=== Records to use ===
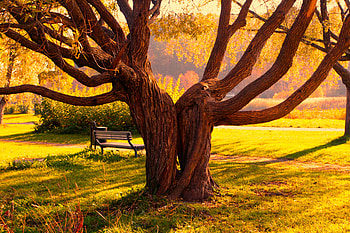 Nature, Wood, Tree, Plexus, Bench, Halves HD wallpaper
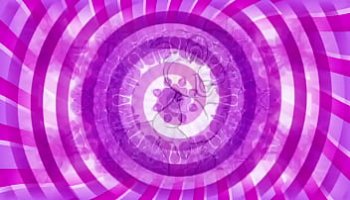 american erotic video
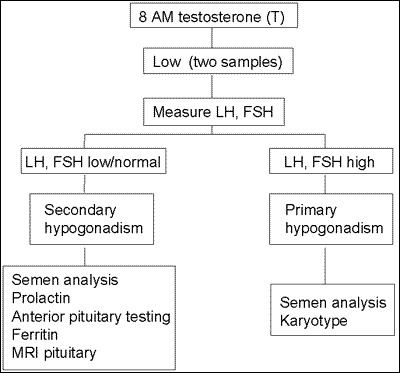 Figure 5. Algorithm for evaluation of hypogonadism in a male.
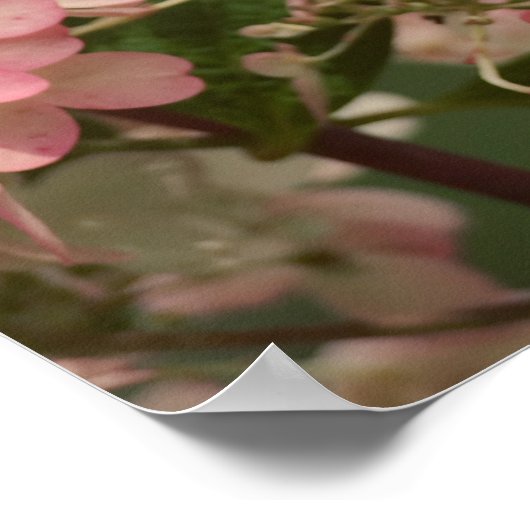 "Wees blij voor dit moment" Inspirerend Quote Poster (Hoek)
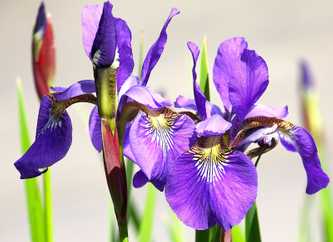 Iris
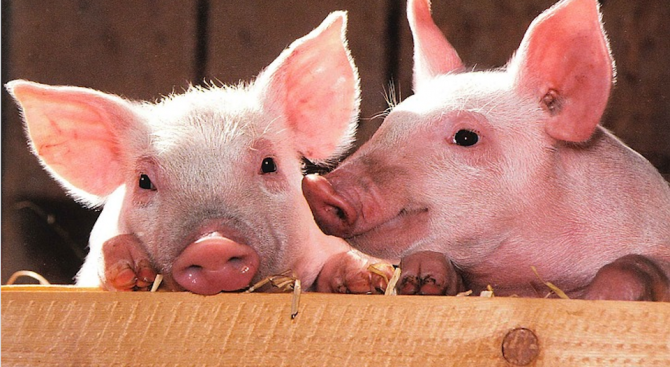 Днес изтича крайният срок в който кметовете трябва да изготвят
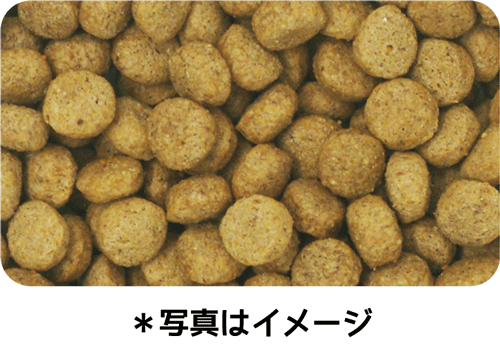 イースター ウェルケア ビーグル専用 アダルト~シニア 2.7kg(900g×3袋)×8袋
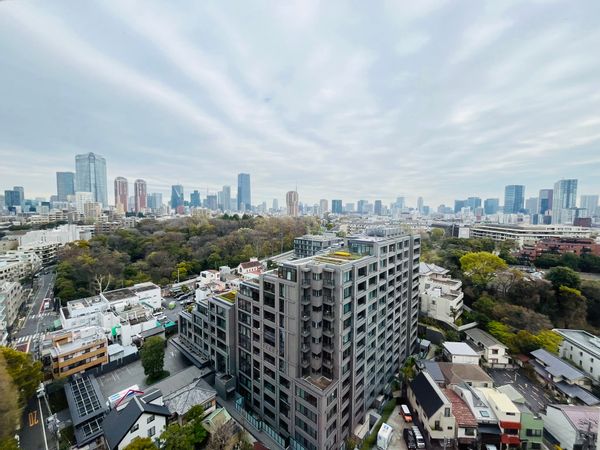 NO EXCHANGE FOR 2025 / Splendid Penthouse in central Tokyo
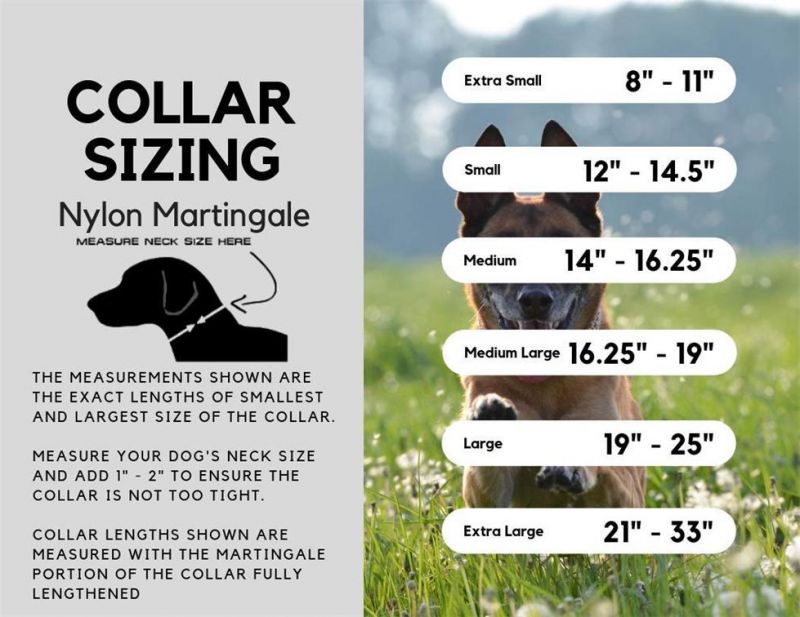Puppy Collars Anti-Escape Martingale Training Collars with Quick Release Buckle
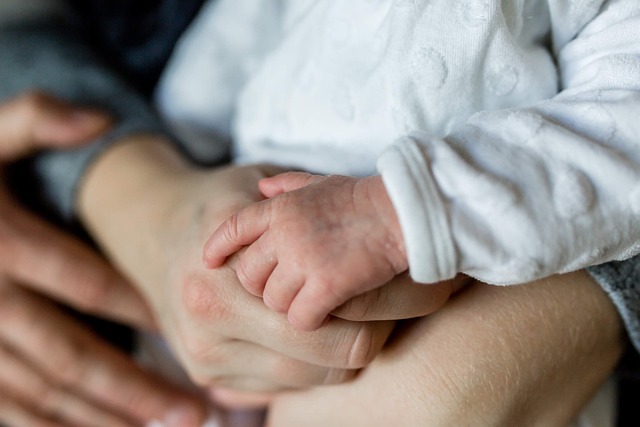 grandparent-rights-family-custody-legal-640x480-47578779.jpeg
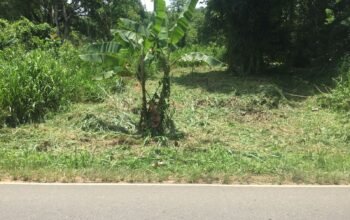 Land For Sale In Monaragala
===
▸ **What you need to do**
Your copy should hold every record word for word and none of the pictures.

▸ **Reply**
 Nature, Wood, Tree, Plexus, Bench, Halves HD wallpaper
 american erotic video
 Figure 5. Algorithm for evaluation of hypogonadism in a male.
 "Wees blij voor dit moment" Inspirerend Quote Poster (Hoek)
 Iris
 Днес изтича крайният срок в който кметовете трябва да изготвят
 イースター ウェルケア ビーグル専用 アダルト~シニア 2.7kg(900g×3袋)×8袋
 NO EXCHANGE FOR 2025 / Splendid Penthouse in central Tokyo
Puppy Collars Anti-Escape Martingale Training Collars with Quick Release Buckle
 grandparent-rights-family-custody-legal-640x480-47578779.jpeg
 Land For Sale In Monaragala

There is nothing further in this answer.